To the traitor's art opposing

Art yet deeper than his own.

 

Or, as the English Hymnal translates it:

 

That the manifold deceiver's

Art by art might be outweighed.

 

This verse too is dropped in' Ancient and Modern Revised.

 

A statement which naturally puzzles those who like to sing with understanding is the assertion that "in true prophetic song of old' ' David had foretold that God would reign over the heathen "from the Tree." No such prophecy can be found in the Psalter either in the Hebrew or the Septuagint or the Vulgate. But in the Early Middle Ages Psalters were in circulation in which the tenth verse of the Ninety-sixth Psalm ran: "Tell it out among the Heathen that the Lord is reigning from the tree (a ligno)." Justin Martyr and Tertullian both knew that reading, and Fortunatus' Psalter evidently contained these two unauthentic words.

 

But, if we leave David out of the question, it remains true that the Cross is the throne from which Christ rules the world. As soon as the Persecution ceased, and the Church could come out into the open, it adopted the Cross as its symbol. This was rather surprising. Crucifixion was everywhere regarded as the most disgusting and disgraceful form of death, a form of execution reserved for criminals of the lowest type.

 

We might have expected the Church to view the Cross with shuddering horror. But Fortunatus hailed it as "Tree of glory, Tree most fair." The Church marked every new convert with the sign of the Cross. When a building was set apart for public worship it was marked by a consecration cross.

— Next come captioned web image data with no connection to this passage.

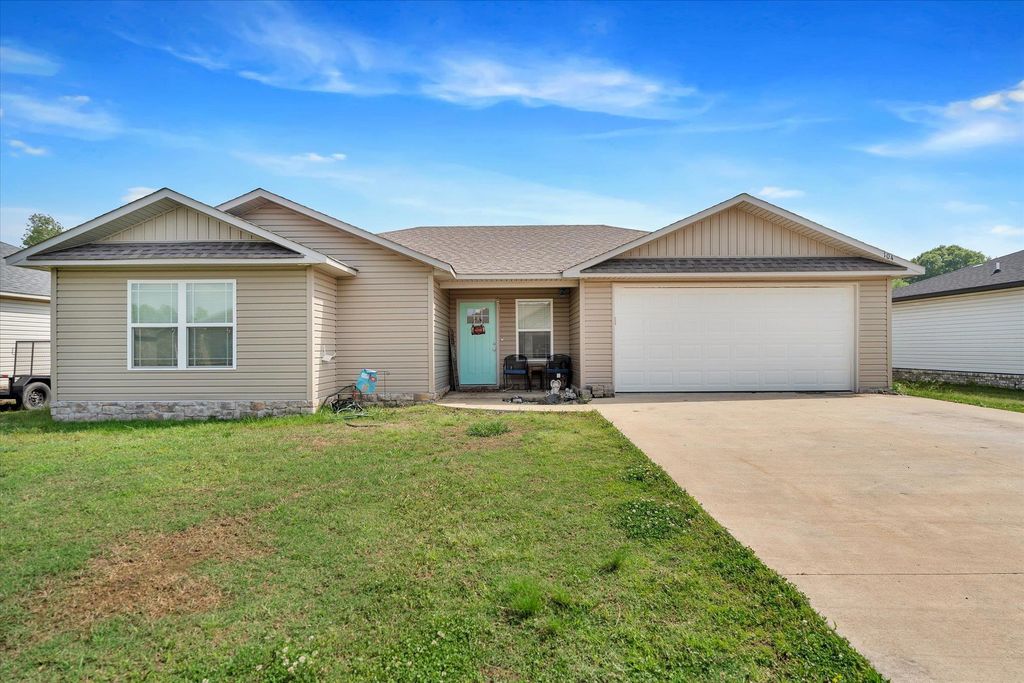 104 Stacy Drive, Paragould, AR 72450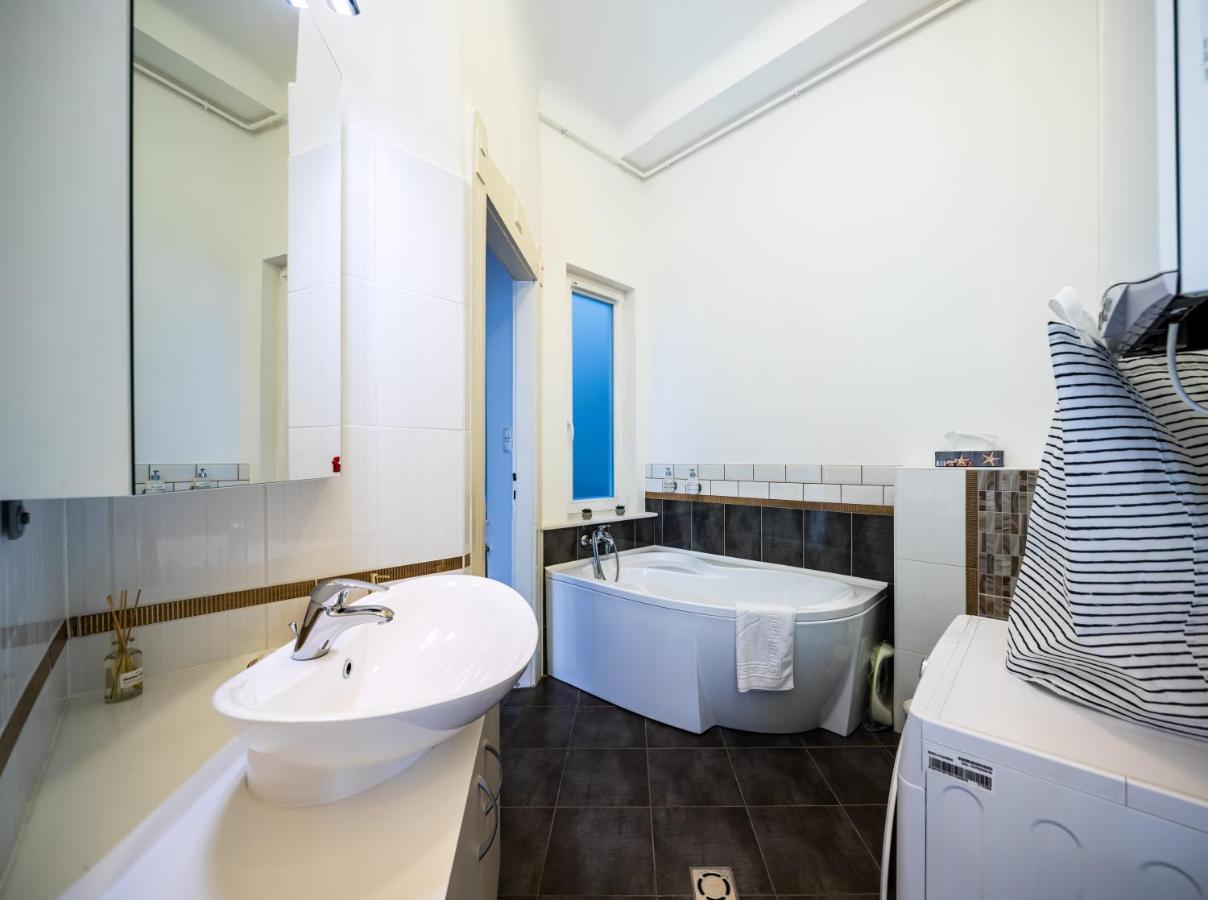 Captain Buda Apartment Budapest Exterior photo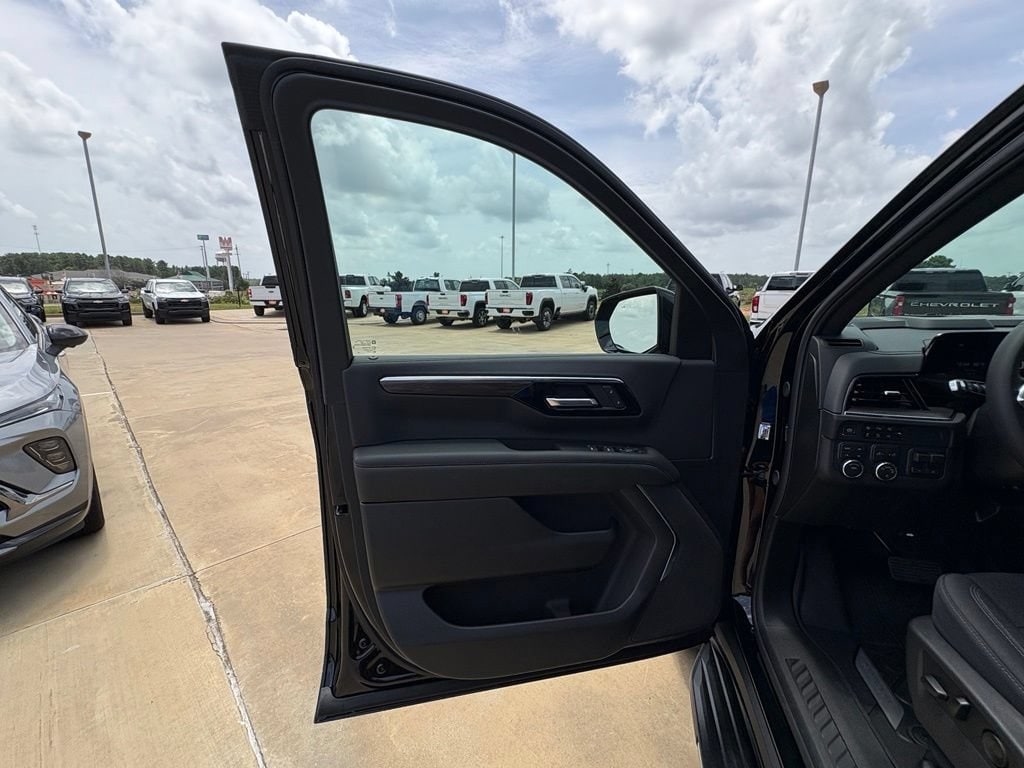 2026 Chevrolet Suburban LS - Photo 9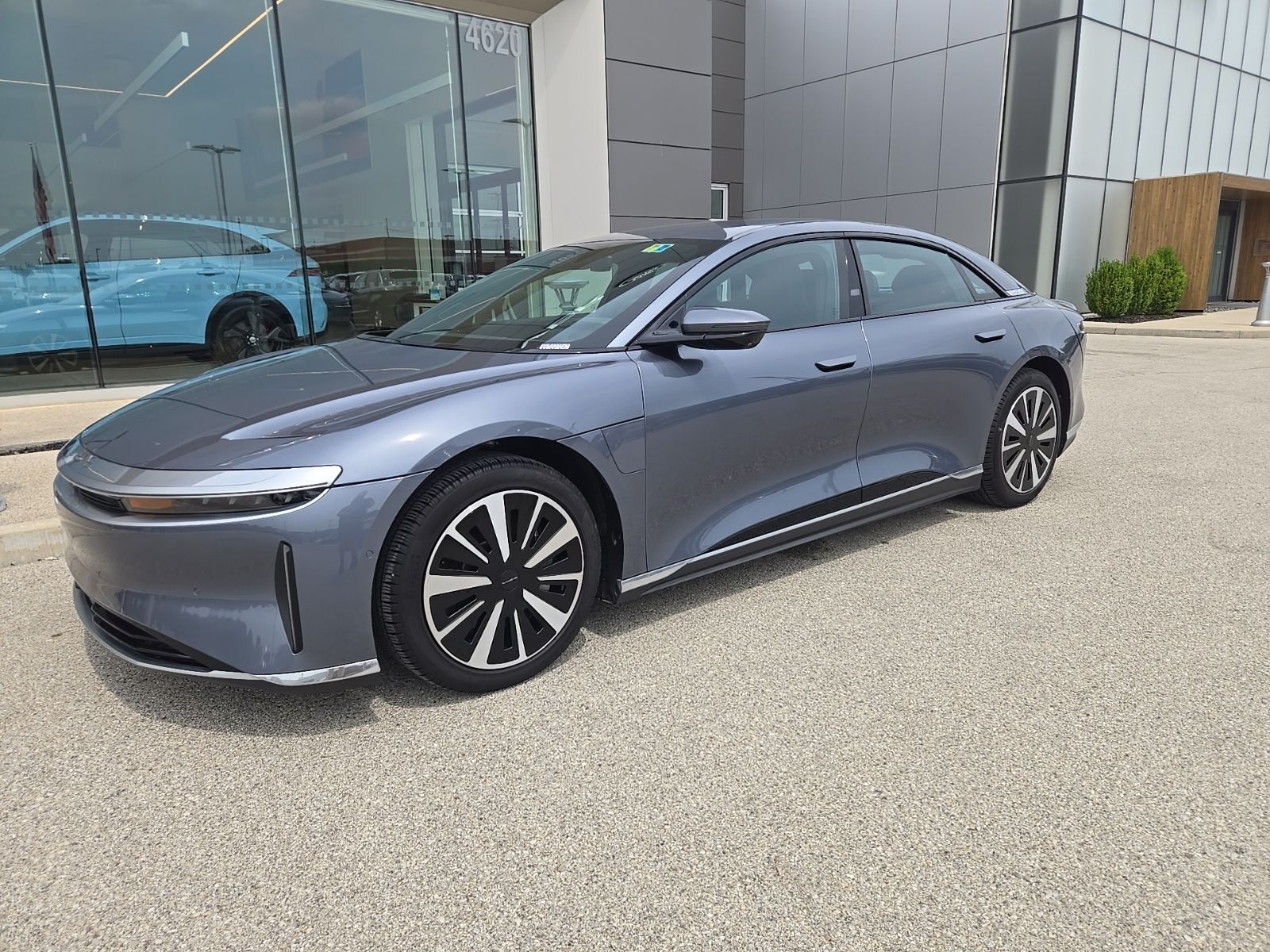 2023 LUCID MOTORS Air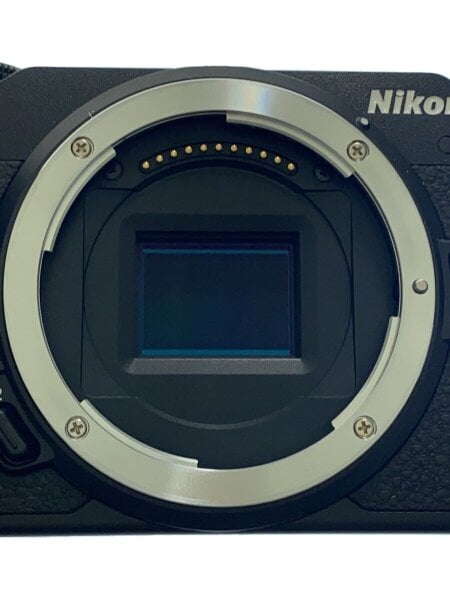 Nikon(ニコン) / ミラーレスデジタルカメラ/Z30 16-50 VR レンズキット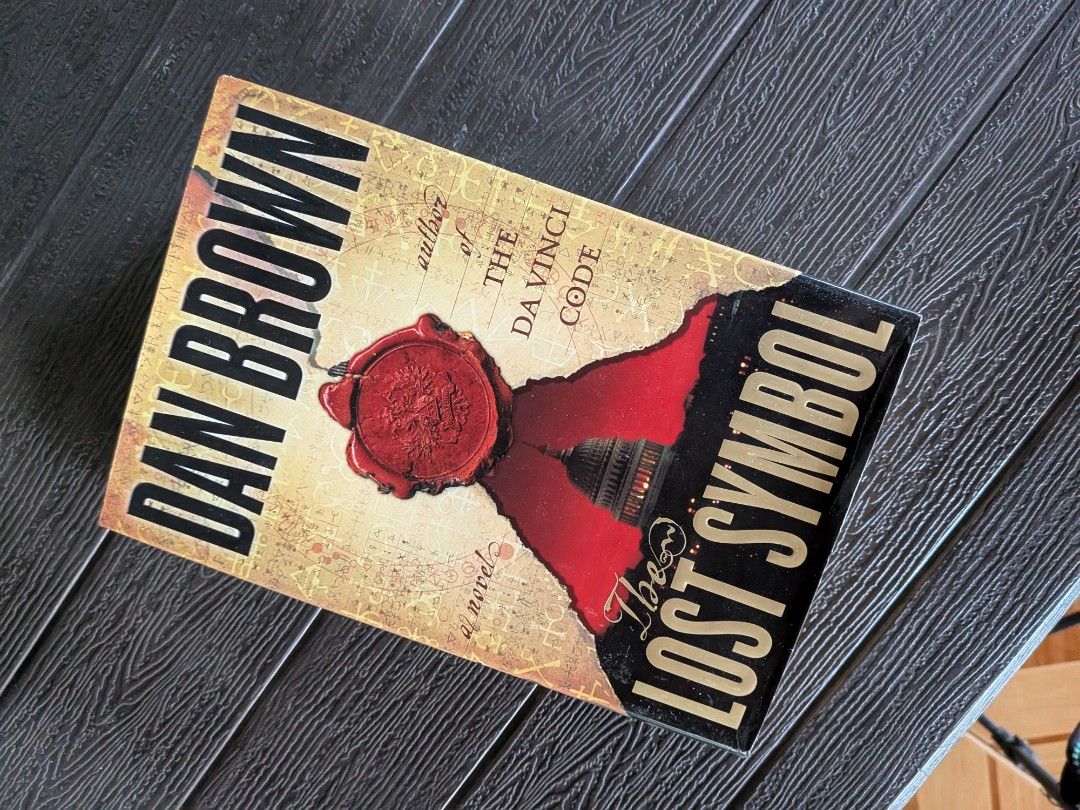 The Lost Symbol by Dan Brown (Hardbound) (Category: Storybooks) located in San Jacinto. Submitted by jigssaw (Listing ID 1464577517, Image 1). Description: - The Lost Symbol by Dan Brown - By the author of The Da Vinci Code - Pages are clean and readable - Spine is intact - Great for fans of thrillers and mysteries.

When Augustine and his missionary monks marched into Canterbury, a cross was carried at their head. Through all its history the Christian Religion has centred round the Cross.

 

These hymns were written for the reception of a relic that was thought to be part of the Cross, but neither says a word about the relic. Their whole theme is the Cross itself, the Victorious Cross, the Cross that has spoiled and is spoiling the Spoiler of his prey, the Cross that has freed millions of souls from the bondage of sin, the Cross that has been carried from land to land till today there is hardly a tribe on earth that has not heard its message, the Cross that has been the strongest inspiration for every fight against evil. Fortunatus may have had a strange idea as to how the Cross could save.

 

Theories of the Atonement come and go, and we are bound by none of them. But the fact remains beyond all dispute that throughout the ages the Cross has proved the most potent power for transforming men's lives. Christ's words, Christ's works, all have their influence; but it is ' ' from the Tree ' ' that He reigns, Two questions may reasonably be asked of those who sing these hymns: Has the Cross yet won its victory over your own life? Are you willing to be a Cross-bearer, helping to carry the Cross forward to yet greater victories?

 

There are many versions of these hymns in English, including one by Keble and one by Bishop Walsham How, but most books have adopted or adapted those which Neale made for his Medieval Hymns. The plainsong tune to each hymn is the one to which the Latin words have been sung from the beginning, though most modern books add a second time as an alternative. The Vexilla plainsong however suggests magnificently the feeling of a stately procession moving majestically forward. Dante's Inferno shows how familiar the hymn was in his day, for the first canto begins with a parody of it: "The banners of the King of Hell advance."